The third count was in all respects similar to the second count, except that it alleged the demand for and nonpayment of the month's rental $250, falling due April 15, 1909.
The action was not tried until September, 1909, when judgment was rendered in accordance with the verdict of the jury for $1,000, but without any rents or damages being trebled, and without any judgment for restitution of premises, for (as was stated at the oral argument) the parties, since the commencement of the action, had entered into a new lease of the premises.
The demurrer was upon the ground that there was a misjoinder of causes of action in this, that a cause of action in unlawful detainer set forth in the first count was joined with a cause of action in debt for rent due and unpaid, set forth in the second and third counts of the complaint.
We do not regard the complaint as setting out more than one cause of action, to wit, an action in unlawful detainer.
When the three days' notice was served there was but one month's rent due, to wit, the rent for the month beginning February 15, 1909. Upon the expiration of the three days without payment of the rent due and demanded, or the surrender of possession of the premises, the further detention thereof became unlawful, and for such an unlawful detention the plaintiff would be entitled to a judgment for the restitution of the premises and the rent due and unpaid at the time of the trial. ( Mason v. Wolff, 40 Cal. 246; Keyes v. Moy Jin Mun, 136 Cal. 129, [ 68 P. 476]; Nolan v. Hentig, 138 Cal. 281, [ 71 P. 440].)

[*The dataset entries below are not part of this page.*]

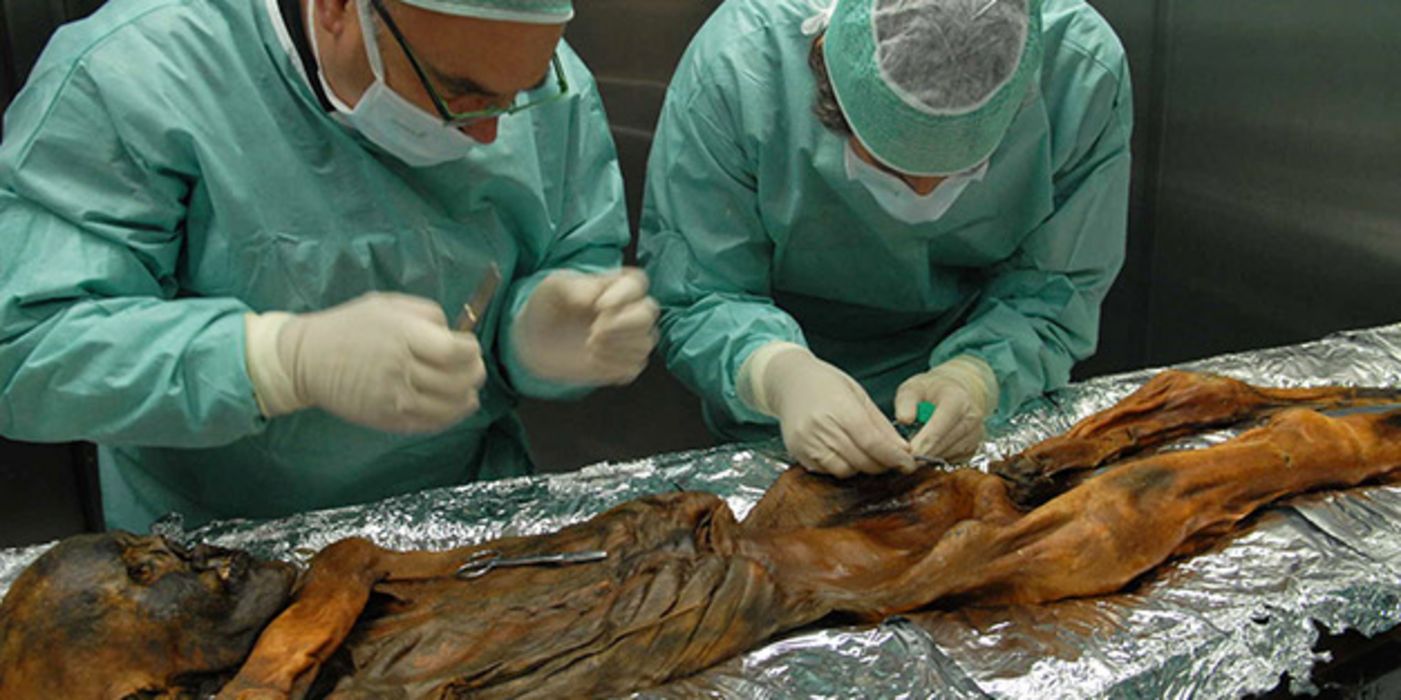 Ein Team internationaler Forscher fand Spuren von Helicobacter pylori in den Überresten des Mageninhalts der Gletschermumie. 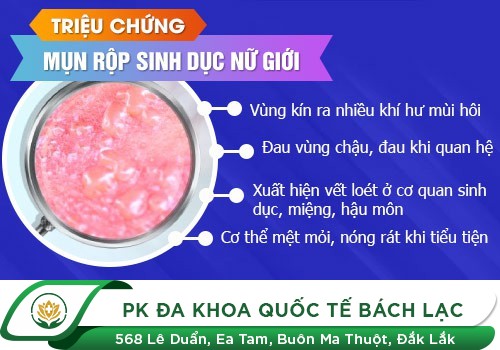Những Điều Nữ Giới Nên Biết Về Mụn Rộp Sinh Dục Nữ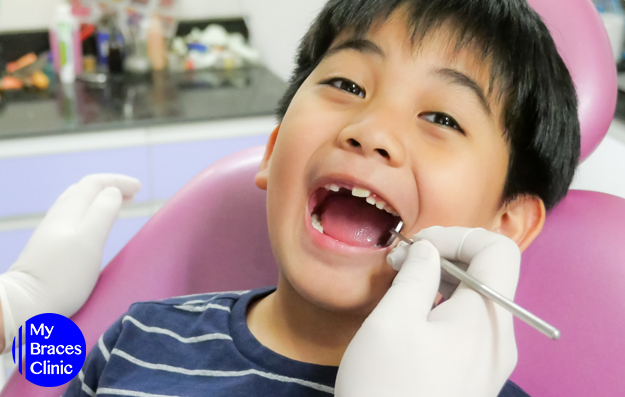 Orthodontic Treatment for Younger Children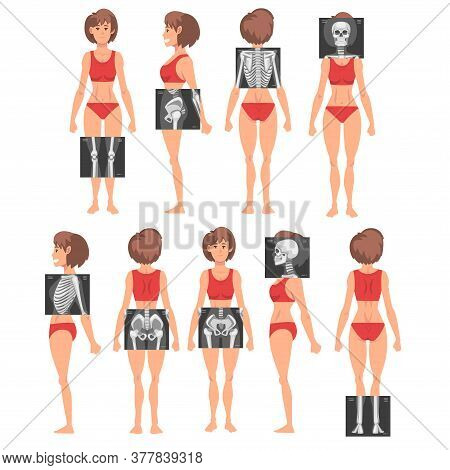 X-ray Examination Vector Set. Young Woman Being Examined In The Hospital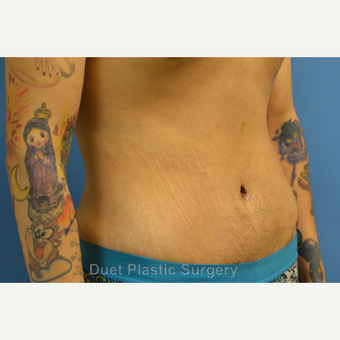 25-34 year old man treated with Male Tummy Tuck after 3368670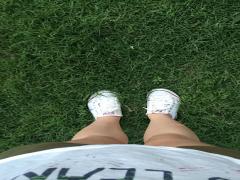 本当の美脚になりたいあなたに。「かさぶた」の3つのイライラ解消法♭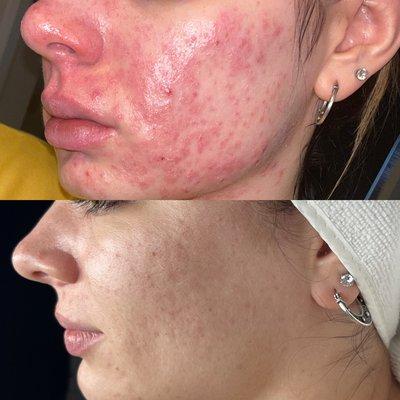 Acne Bootcamp with Madelyn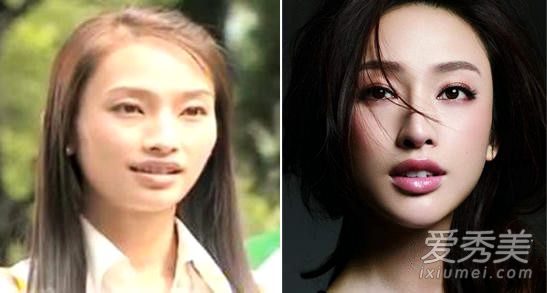 昆凌张馨予张俪 女星整容前丑照大曝光_女星整容对比照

The additional matters set forth in the so-called second and third counts were simply statements of damages flowing from the unlawful detention pleaded in the so-called first count, and could as well have been set forth in the first count. The entire complaint pleaded but one cause of action, to wit, an action in unlawful detainer after default in payment of rent, and a three days' notice to pay the rent then due or to surrender possession of the premises. In such an action the plaintiff is entitled to recover not only the rent due and demanded at the time of giving the notice, but all rent subsequently accruing and unpaid up to the time of the trial. (See cases cited above.) It was probably necessary, and certainly proper, for the plaintiff to plead the nonpayment of the rent accruing subsequently to the service of the notice and before the commencement of the action, though rent accruing after the filing of the complaint may be recovered without being pleaded (cases cited supra).
The fact that the pleader set forth the nonpayment of the rentals accruing after the service of the notice in separate counts did not constitute such matters independent causes of action. The matters thus pleaded were simply damages resulting from the unlawful detention.
The judgment and order are affirmed.
Lennon, P. J., and Kerrigan, J., concurred.